## Directions for this task:
Give all of the records again precisely, excluding whatever pictures they contain.
━━ Source information
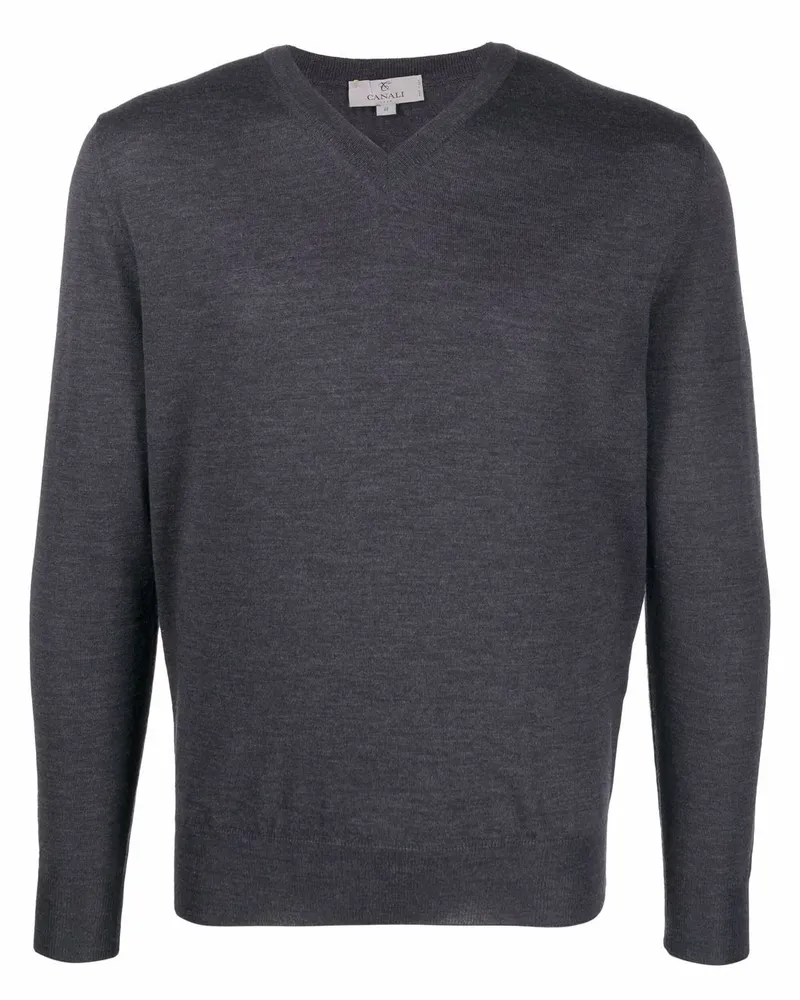 Canali Pullover mit V-Ausschnitt Grau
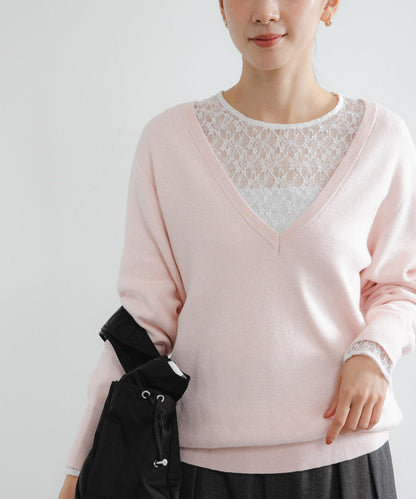 new basic 羊絨棉V領長款針織衫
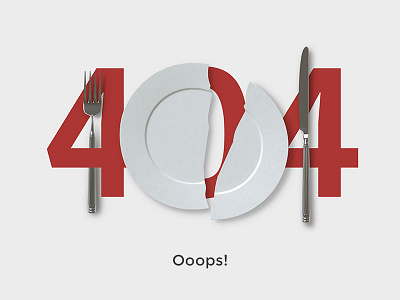 CityMe 404 Page 404 broken cityme dish fork knife red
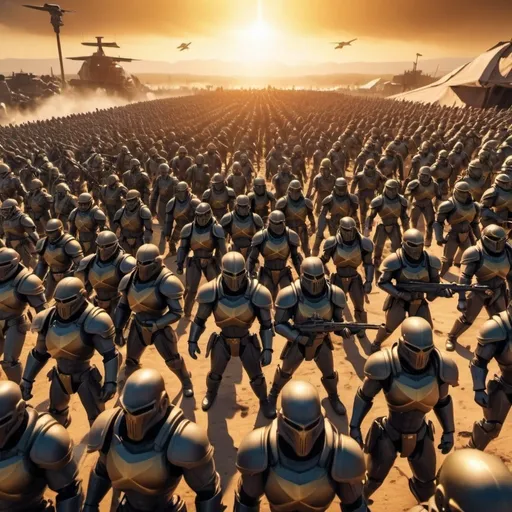 Prompt: Lawful Good army in the final battle with enemy Chaotic Evil army, apocalypse background, overhead golden hour lighting, extra wide angle field of view, infinity vanishing point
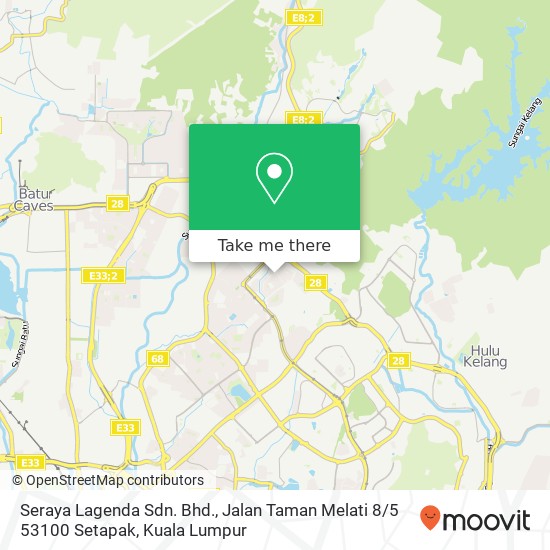 Seraya Lagenda Sdn. Bhd., Jalan Taman Melati 8 / 5 53100 Setapak map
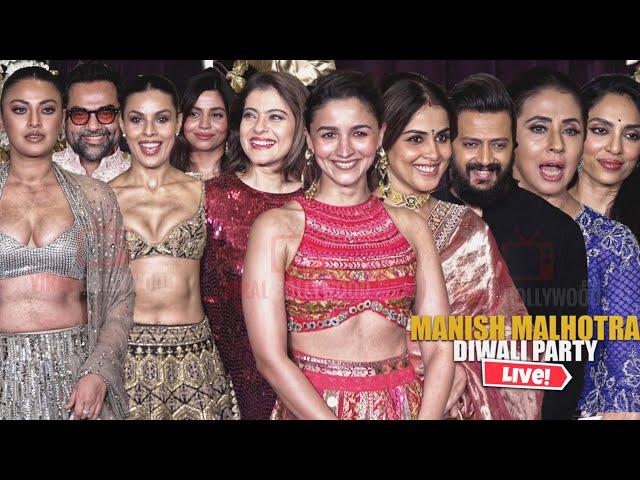 Manish Malhotra Diwali 2024 | LIVE | Alia Bhatt, Shaheen, Kajol, Riteish, Genelia, Sobhita, Abhay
━━━━
## Output of the task:
 Canali Pullover mit V-Ausschnitt Grau
 new basic 羊絨棉V領長款針織衫
 CityMe 404 Page 404 broken cityme dish fork knife red
 Prompt: Lawful Good army in the final battle with enemy Chaotic Evil army, apocalypse background, overhead golden hour lighting, extra wide angle field of view, infinity vanishing point
 Seraya Lagenda Sdn. Bhd., Jalan Taman Melati 8 / 5 53100 Setapak map
 Manish Malhotra Diwali 2024 | LIVE | Alia Bhatt, Shaheen, Kajol, Riteish, Genelia, Sobhita, Abhay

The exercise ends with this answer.